At Mime, we’ve supported more than 50 local authorities with SEND analysis and forecasting. Our focus is on making complex information clear, usable, and trustworthy so local leaders can act on it with confidence.
This includes forecasting future levels of need, understanding provision pressures, testing scenarios, and evaluating how interventions may affect outcomes over time. The aim is to help local authority leaders and partners turn complex information about the SEND cohort and available provision into clear, trustworthy evidence that can be used to take action with confidence.
The webinar will explore how local authorities can:
- bring together data from across education, health, and care
- develop modelling that supports long-term planning
- monitor implementation and evaluate impact
- use evidence to support decision-making as reforms evolve
How to turn reform plans into practical delivery
Planning is only part of the picture. Local systems also need to deliver change in practice.
31ten Consulting will share lessons from transformation programmes including Families First, focusing on how local systems can draw on expertise across local services, and sustain improvement over time.

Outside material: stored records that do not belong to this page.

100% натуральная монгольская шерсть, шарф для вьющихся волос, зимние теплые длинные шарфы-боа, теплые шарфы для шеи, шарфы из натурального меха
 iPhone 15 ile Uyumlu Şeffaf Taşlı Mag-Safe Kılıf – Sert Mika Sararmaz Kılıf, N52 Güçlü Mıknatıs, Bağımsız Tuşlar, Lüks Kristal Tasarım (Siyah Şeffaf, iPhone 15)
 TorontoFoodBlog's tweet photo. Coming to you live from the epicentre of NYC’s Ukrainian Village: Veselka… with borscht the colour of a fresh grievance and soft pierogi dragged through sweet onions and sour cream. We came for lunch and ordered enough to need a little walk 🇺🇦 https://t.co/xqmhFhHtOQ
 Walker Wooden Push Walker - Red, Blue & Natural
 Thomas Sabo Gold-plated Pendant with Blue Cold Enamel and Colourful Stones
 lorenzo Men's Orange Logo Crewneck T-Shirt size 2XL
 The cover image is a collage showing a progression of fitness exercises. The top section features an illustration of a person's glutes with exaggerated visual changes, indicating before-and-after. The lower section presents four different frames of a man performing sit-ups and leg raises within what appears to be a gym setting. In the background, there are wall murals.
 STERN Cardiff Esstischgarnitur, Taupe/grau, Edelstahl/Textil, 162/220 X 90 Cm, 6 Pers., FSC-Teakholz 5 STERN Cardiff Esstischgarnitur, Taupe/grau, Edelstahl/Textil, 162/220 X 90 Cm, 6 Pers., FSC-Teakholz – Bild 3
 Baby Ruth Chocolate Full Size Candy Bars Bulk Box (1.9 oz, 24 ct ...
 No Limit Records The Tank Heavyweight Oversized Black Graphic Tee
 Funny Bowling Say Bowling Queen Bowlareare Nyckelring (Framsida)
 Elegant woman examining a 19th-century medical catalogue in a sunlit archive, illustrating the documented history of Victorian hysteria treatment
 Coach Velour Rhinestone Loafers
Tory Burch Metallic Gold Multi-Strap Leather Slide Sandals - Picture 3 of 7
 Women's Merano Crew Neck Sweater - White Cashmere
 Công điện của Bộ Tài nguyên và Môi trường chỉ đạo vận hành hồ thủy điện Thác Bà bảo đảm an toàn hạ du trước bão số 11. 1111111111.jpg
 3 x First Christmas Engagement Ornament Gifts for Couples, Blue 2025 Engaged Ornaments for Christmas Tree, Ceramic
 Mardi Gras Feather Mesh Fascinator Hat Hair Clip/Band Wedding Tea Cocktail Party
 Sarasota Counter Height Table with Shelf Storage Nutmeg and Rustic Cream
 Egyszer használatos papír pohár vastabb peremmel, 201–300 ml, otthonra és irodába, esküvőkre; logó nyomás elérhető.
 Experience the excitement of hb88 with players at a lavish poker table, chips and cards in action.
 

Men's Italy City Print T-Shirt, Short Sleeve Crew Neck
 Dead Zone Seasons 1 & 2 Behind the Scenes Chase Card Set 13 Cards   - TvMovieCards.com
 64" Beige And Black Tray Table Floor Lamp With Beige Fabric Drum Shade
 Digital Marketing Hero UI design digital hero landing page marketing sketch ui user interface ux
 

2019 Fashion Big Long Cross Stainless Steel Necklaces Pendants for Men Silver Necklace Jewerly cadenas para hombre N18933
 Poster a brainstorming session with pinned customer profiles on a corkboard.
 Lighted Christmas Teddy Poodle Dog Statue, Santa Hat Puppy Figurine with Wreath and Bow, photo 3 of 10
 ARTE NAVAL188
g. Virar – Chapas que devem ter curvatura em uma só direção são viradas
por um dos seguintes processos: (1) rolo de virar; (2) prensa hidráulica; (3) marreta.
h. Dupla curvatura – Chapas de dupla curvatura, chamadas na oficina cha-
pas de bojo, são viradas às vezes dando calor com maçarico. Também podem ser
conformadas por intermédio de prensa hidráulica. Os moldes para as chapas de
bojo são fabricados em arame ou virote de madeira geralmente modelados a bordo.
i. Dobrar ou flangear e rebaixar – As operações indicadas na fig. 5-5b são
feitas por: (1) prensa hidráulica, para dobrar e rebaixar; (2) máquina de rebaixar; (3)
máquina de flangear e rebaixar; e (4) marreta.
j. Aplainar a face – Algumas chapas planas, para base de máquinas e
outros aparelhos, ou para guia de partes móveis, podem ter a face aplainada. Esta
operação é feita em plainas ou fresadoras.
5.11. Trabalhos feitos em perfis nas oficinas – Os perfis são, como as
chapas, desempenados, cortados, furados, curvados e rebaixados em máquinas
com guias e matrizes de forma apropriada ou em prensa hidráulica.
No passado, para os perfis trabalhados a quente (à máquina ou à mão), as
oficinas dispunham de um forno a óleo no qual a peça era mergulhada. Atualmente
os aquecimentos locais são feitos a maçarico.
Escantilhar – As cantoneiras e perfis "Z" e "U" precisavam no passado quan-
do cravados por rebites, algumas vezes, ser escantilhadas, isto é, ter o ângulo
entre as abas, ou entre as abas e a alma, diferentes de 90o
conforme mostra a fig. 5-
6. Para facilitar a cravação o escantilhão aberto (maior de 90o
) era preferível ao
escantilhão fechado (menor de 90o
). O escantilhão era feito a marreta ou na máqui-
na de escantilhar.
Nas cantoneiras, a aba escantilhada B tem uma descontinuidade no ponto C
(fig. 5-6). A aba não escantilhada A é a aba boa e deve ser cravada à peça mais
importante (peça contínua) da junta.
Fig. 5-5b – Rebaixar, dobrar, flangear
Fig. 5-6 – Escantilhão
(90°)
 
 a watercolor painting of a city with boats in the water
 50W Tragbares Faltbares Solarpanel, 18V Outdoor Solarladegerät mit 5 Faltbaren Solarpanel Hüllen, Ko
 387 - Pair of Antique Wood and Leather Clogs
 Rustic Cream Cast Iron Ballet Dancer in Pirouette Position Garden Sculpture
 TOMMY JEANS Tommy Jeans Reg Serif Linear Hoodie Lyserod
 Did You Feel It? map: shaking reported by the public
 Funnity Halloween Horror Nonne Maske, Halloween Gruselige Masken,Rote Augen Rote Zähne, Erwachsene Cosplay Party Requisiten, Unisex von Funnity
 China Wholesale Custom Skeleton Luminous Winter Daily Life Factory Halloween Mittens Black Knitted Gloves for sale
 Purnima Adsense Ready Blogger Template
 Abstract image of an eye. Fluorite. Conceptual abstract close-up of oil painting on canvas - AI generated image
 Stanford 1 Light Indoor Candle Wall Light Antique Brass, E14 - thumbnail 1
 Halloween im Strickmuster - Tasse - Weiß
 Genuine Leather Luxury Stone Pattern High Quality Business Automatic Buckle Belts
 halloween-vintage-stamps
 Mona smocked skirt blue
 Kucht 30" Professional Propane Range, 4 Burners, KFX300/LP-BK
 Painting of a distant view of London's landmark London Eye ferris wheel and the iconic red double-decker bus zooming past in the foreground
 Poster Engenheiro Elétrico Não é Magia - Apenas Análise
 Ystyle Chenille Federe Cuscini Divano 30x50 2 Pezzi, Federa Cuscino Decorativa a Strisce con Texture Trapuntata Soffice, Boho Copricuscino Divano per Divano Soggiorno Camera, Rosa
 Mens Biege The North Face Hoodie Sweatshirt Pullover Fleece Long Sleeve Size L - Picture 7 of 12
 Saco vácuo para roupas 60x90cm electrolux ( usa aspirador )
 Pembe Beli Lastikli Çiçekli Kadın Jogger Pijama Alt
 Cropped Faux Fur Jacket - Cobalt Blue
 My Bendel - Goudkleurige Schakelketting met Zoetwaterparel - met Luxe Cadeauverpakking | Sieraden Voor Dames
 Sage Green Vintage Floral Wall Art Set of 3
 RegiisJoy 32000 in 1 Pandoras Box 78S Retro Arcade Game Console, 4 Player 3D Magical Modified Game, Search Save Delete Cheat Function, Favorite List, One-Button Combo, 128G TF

The discussion will explore practical challenges including:
- translating strategy into day-to-day delivery
- aligning partners around shared outcomes
- embedding sustainable change across services
- maintaining oversight of progress and impact
The webinar will also provide an opportunity for discussion with colleagues from across the sector. Many local authorities are working through similar challenges around inclusion, provision sufficiency, implementation, and financial sustainability.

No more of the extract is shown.